Michael Lewis Says High Frequency Trading Rips Off Investors. Michael Lewis Is Clearly Wrong
THERE’S been a bit of a furore over in the US about the new Michael Lewis book. He’s saying that all this high speed trading (that’s the stuff done by computers in nanoseconds) is just a rip off of the average investor. The sad thing is that he’s got it entirely wrong.
What HFT does do is add more liquidity to the markets. That is, there’s just more people buying and selling as a result of their activity. Because their activity is buying and selling, so obviously there’s more of it going on.

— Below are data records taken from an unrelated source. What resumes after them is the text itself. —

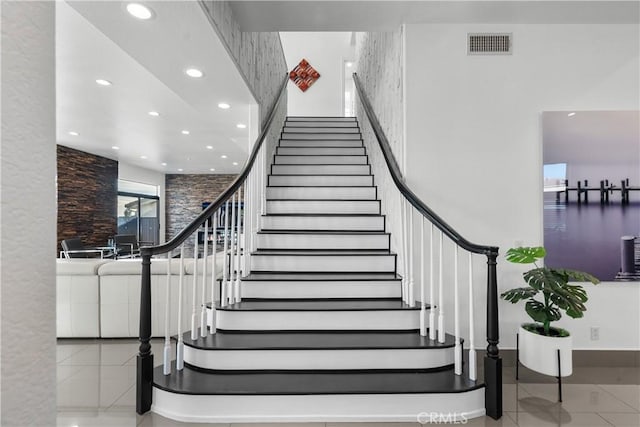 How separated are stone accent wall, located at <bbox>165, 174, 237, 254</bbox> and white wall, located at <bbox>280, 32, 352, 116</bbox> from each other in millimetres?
4949

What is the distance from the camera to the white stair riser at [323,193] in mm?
4230

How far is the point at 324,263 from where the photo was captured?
10.8ft

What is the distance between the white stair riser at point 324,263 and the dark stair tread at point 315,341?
74cm

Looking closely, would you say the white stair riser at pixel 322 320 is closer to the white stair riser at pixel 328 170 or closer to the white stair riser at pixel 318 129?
the white stair riser at pixel 328 170

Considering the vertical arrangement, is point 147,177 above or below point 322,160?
above

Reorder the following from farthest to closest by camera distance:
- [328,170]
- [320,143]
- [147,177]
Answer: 1. [147,177]
2. [320,143]
3. [328,170]

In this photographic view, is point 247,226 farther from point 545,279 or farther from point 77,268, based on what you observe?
point 545,279

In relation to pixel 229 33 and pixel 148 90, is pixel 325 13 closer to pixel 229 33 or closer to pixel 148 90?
pixel 229 33

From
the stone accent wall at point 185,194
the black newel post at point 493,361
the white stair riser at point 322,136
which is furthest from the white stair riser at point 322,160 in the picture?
the stone accent wall at point 185,194

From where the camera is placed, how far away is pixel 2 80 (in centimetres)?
47

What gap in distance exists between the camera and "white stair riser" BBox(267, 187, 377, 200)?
13.9 feet

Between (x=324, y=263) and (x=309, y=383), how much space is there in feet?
4.01

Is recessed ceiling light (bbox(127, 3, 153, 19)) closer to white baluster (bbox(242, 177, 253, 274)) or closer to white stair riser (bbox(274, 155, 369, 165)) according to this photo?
white baluster (bbox(242, 177, 253, 274))

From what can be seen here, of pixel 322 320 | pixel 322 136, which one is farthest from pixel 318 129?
pixel 322 320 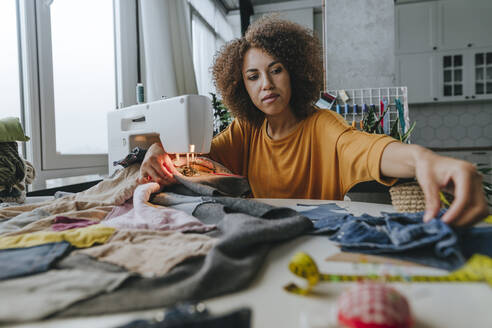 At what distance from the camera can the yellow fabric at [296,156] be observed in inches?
48.8

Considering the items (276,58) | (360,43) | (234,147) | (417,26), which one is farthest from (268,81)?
(417,26)

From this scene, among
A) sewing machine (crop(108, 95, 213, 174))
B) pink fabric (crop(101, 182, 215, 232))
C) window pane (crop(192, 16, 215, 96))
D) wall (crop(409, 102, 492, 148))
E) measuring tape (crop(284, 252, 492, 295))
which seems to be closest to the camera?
measuring tape (crop(284, 252, 492, 295))

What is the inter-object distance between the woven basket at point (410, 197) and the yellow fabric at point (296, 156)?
0.23 meters

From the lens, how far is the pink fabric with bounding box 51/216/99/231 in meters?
0.64

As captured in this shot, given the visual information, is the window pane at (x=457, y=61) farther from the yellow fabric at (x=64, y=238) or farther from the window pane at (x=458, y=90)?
the yellow fabric at (x=64, y=238)

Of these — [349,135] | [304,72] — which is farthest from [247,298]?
[304,72]

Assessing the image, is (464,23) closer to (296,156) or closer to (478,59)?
(478,59)

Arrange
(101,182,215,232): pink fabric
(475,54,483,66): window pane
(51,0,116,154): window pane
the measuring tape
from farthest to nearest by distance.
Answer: (475,54,483,66): window pane, (51,0,116,154): window pane, (101,182,215,232): pink fabric, the measuring tape

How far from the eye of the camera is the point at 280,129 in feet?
4.96

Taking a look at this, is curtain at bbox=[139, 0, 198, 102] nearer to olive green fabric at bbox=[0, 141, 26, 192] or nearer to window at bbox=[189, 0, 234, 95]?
window at bbox=[189, 0, 234, 95]

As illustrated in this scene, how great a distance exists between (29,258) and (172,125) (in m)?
0.64

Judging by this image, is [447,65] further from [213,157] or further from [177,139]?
[177,139]

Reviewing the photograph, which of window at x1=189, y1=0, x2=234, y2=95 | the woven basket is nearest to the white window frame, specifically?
the woven basket

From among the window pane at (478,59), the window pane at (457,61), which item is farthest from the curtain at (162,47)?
the window pane at (478,59) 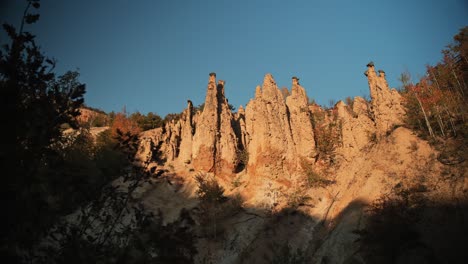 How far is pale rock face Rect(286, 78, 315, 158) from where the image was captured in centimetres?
2923

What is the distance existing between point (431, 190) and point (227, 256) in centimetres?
1336

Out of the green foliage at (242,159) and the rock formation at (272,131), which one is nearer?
the rock formation at (272,131)

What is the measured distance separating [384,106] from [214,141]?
15845 millimetres

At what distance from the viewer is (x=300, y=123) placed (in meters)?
30.9

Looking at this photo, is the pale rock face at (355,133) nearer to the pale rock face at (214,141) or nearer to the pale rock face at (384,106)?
the pale rock face at (384,106)

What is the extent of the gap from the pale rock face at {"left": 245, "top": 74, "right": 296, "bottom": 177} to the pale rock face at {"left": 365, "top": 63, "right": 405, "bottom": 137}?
7.84 metres

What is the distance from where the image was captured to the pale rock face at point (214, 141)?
99.0 feet

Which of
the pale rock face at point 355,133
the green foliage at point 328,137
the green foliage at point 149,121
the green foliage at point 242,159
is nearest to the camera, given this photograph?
the pale rock face at point 355,133

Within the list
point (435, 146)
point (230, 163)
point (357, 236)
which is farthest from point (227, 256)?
point (435, 146)

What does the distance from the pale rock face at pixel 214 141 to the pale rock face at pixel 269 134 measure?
2.24 metres

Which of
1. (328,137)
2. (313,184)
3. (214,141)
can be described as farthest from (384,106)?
(214,141)

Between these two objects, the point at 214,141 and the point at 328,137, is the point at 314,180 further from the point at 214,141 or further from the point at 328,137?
the point at 214,141

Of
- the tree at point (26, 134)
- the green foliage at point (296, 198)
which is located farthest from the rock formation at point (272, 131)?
the tree at point (26, 134)

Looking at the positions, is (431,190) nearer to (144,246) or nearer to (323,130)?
(323,130) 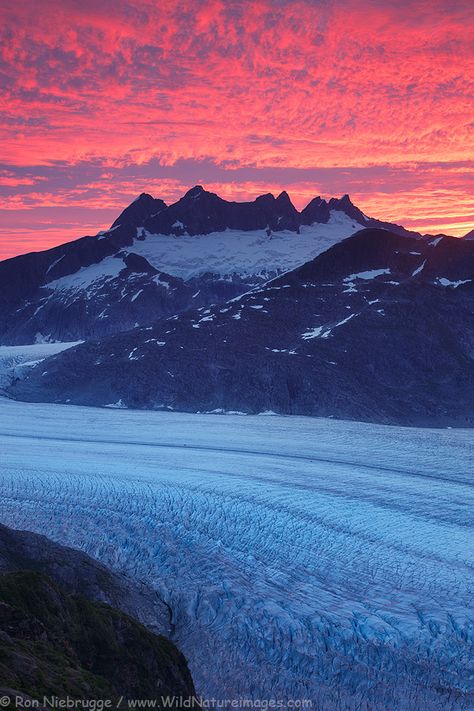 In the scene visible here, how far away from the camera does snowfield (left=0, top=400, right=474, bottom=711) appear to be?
45.4 ft

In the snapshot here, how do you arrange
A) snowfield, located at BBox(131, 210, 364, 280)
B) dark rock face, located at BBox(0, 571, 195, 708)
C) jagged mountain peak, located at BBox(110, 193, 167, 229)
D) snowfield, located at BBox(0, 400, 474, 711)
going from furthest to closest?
jagged mountain peak, located at BBox(110, 193, 167, 229) → snowfield, located at BBox(131, 210, 364, 280) → snowfield, located at BBox(0, 400, 474, 711) → dark rock face, located at BBox(0, 571, 195, 708)

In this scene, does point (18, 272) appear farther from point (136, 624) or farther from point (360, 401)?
point (136, 624)

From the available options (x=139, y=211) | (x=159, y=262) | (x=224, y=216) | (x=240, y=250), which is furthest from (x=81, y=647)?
(x=139, y=211)

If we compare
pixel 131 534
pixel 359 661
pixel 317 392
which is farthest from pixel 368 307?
pixel 359 661

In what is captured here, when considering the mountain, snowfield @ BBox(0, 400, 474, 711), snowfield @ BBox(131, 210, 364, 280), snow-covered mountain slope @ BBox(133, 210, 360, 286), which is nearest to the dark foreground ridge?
snowfield @ BBox(0, 400, 474, 711)

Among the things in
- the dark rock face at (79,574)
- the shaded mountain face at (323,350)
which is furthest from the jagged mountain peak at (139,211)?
the dark rock face at (79,574)

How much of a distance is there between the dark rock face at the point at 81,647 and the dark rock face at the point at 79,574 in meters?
2.30

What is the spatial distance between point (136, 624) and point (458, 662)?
262 inches

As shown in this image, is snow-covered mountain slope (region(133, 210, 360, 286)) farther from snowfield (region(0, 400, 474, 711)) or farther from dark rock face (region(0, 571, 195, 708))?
dark rock face (region(0, 571, 195, 708))

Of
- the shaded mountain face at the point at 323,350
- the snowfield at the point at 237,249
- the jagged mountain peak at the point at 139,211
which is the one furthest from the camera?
the jagged mountain peak at the point at 139,211

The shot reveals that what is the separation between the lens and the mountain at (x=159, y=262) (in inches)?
5610

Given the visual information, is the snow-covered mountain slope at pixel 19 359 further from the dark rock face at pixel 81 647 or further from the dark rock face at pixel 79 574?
the dark rock face at pixel 81 647

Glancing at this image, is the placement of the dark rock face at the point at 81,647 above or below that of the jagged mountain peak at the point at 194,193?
below

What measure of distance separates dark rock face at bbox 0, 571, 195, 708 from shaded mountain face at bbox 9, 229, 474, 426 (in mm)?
53319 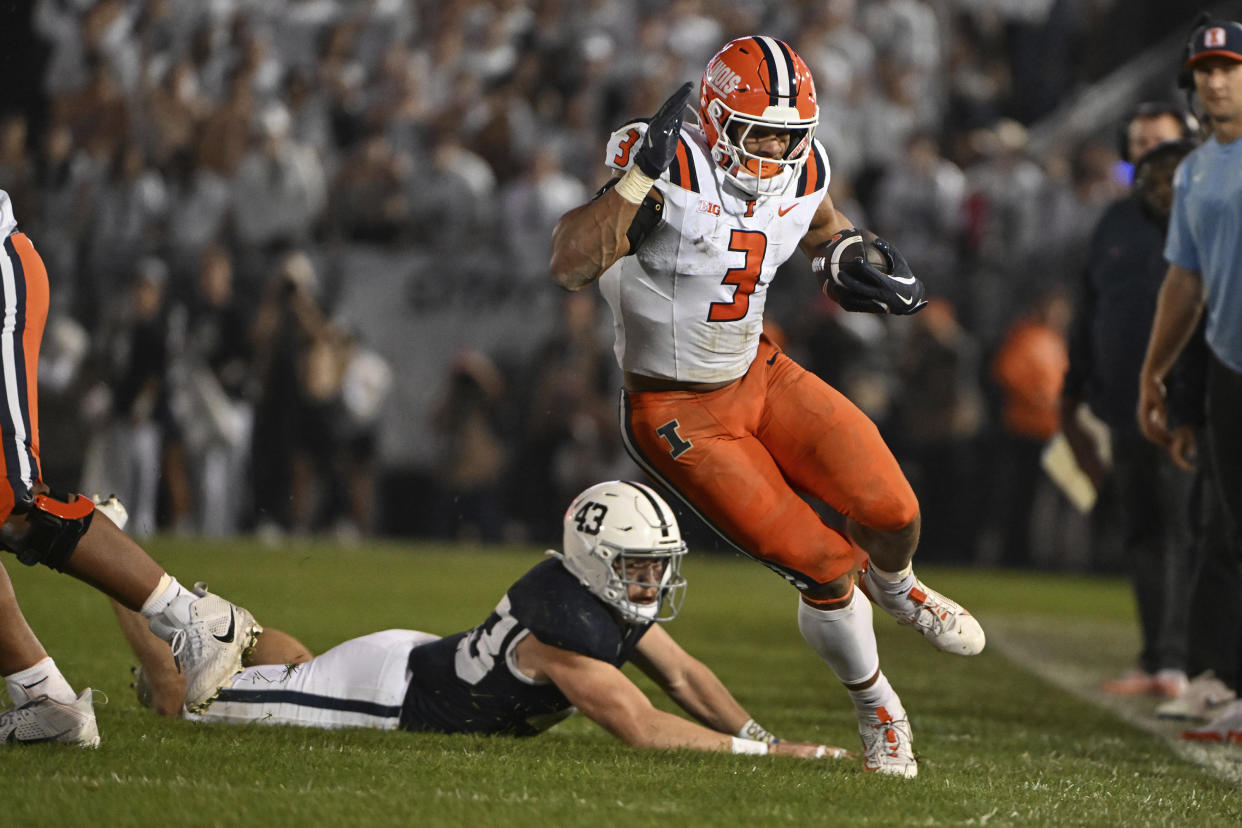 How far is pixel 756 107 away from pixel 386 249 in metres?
7.97

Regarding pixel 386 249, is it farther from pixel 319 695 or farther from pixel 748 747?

And when there’s more liquidity then the bid ask spread becomes narrower. That’s a bit of jargon, true, but it’s also true. The difference between the buy price, the one you can buy for, gets smaller with respect to the price that you can sell for. That’s what a smaller “spread” means, that the difference between what you can buy for and what you can sell for becomes smaller.
And obviously, you buy shares in order to sell them again at some point in the future. So the smaller the difference between those two prices at any one time the less it will cost you to invest in that share. Another way of saying the same thing is that you’re paying a smaller commission to hte people running the stock market for making your investment.
So, HFT provides liquidity, it does this through trading, more trading means smaller spreads and that saves the individual investor money. Sure, the HFT guys are making money too: but what the hell do we care if we’re saving money ourselves?
To put it a different way. Sure, the supermarkets make money out of us buying stuff from them. But it’s still cheaper for us to shop there than it is to buy everything from little corner stores. Which is why we shop in supermarkets, obviously.